Graphical conditional generative modeling for digital twin modeling

2026-06-15Computational Engineering, Finance, and Science

Computational Engineering, Finance, and ScienceMachine Learning
AI summary

The authors tackle the problem of overly complex digital twin models by creating simpler, yet still accurate, models that only use important variables. Their method finds these key variables by looking at how all parts of the target's behavior change, not just the average. They combine techniques that model full distributions with tools that identify and remove unimportant inputs. This results in clear, manageable models that work well in different scenarios, like control systems and economic data.

digital twinstochastic surrogate modelconditional generative modelingGaussian processkernel mode decompositionMarkov decision processvariable selectionmodel complexitycontrol systemsreinforcement learning
Authors
Zongren Zou, Théo Bourdais, Ricardo Baptista, Houman Owhadi
Abstract
Digital twin modeling, including control and data assimilation under model uncertainty, often faces an open-ended fidelity problem: adding variables, data streams, and time scales can indefinitely increase model complexity, ultimately producing systems that are difficult to maintain, validate, interpret, and use for stress or safety testing. As an alternative, one can seek parsimonious stochastic surrogate models built only on the variables needed to describe the relevant quantities of interest. We introduce a framework for discovering such variables from observational data by identifying which candidate inputs influence the full conditional law of a target quantity, rather than only its conditional mean.
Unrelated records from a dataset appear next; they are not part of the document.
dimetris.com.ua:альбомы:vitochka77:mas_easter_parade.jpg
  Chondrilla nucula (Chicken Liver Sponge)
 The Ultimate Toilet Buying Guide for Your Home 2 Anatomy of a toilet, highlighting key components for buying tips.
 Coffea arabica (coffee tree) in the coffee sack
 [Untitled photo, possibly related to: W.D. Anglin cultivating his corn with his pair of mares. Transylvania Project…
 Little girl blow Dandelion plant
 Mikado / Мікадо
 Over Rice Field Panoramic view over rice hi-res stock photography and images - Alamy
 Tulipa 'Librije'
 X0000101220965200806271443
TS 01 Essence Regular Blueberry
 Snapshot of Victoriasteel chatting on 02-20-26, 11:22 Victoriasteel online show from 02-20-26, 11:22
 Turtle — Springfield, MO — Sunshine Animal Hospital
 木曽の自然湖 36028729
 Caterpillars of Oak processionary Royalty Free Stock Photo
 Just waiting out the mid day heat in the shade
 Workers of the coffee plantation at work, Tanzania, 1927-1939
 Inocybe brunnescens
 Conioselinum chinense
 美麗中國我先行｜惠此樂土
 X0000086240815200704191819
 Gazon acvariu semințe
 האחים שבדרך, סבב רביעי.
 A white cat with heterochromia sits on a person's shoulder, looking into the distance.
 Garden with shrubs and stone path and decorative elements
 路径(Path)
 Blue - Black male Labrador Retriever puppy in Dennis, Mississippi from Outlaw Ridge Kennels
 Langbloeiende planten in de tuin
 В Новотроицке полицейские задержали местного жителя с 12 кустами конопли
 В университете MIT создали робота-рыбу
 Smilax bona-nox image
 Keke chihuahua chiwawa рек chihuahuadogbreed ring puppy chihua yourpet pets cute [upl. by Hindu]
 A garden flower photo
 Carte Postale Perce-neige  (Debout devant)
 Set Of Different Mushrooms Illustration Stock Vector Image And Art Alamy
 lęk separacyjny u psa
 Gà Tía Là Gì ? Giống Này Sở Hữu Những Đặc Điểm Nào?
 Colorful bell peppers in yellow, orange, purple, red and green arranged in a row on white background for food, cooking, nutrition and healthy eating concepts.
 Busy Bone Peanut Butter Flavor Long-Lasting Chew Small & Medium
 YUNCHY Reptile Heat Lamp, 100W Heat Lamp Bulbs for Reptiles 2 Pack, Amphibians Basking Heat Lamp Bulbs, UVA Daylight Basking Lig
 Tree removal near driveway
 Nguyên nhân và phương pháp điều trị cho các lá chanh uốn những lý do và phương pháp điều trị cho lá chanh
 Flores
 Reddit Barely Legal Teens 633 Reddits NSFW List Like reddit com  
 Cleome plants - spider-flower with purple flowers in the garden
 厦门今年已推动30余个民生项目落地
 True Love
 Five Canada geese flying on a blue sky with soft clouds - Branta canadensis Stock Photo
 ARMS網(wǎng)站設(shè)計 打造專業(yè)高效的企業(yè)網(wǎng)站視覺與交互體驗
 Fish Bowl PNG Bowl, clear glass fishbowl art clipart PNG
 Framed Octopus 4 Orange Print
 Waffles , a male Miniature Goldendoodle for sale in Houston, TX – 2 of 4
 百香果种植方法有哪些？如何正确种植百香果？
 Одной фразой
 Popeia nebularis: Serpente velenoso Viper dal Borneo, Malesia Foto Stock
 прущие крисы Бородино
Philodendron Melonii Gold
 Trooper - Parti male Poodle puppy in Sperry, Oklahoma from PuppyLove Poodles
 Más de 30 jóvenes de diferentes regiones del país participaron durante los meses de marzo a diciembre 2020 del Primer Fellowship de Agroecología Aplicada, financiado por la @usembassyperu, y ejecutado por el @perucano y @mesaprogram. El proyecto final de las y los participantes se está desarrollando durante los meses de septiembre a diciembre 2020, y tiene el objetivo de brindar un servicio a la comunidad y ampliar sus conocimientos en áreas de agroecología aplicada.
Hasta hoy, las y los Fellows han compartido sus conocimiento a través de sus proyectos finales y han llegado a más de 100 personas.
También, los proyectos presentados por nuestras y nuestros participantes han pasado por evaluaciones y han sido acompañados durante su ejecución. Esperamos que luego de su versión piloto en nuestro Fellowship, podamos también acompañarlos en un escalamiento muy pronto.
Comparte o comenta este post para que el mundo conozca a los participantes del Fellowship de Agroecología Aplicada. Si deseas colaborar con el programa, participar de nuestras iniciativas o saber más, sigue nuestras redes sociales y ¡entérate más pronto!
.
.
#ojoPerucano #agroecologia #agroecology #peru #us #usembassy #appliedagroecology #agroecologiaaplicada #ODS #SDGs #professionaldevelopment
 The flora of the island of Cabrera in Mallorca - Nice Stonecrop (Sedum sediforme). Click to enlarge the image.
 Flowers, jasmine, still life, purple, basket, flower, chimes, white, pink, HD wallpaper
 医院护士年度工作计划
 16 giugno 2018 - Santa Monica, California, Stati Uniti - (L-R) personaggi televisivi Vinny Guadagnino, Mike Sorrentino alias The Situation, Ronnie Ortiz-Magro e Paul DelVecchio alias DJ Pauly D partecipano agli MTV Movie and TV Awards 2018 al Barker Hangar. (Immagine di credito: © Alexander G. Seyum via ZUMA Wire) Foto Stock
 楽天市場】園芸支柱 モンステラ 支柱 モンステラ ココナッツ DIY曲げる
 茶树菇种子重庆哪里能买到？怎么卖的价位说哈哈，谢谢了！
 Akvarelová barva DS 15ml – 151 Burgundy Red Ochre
This distinction is essential in stochastic, coarse-grained, or partially observed systems, where dependencies may appear through changes in variability, tail behavior, multimodality, or uncertainty rather than through deterministic functional relationships. The framework couples conditional generative modeling, which learns the conditional distribution of the target given candidate inputs, with Gaussian-process-based analysis of variance (through kernel mode decomposition), which enables iterative pruning of non-influential inputs and interpretable structure discovery. In control settings, the resulting surrogate can be interpreted as a learned Markov decision process: the method identifies not only a transition model, but also the state, action, and memory variables needed to make the learned dynamics effectively Markovian. Across examples involving stochastic dynamical systems, missing variables, PDE control, reinforcement learning, and economic data, the discovered structures yield interpretable stochastic surrogates whose downstream performance is comparable to models trained on the full variable set.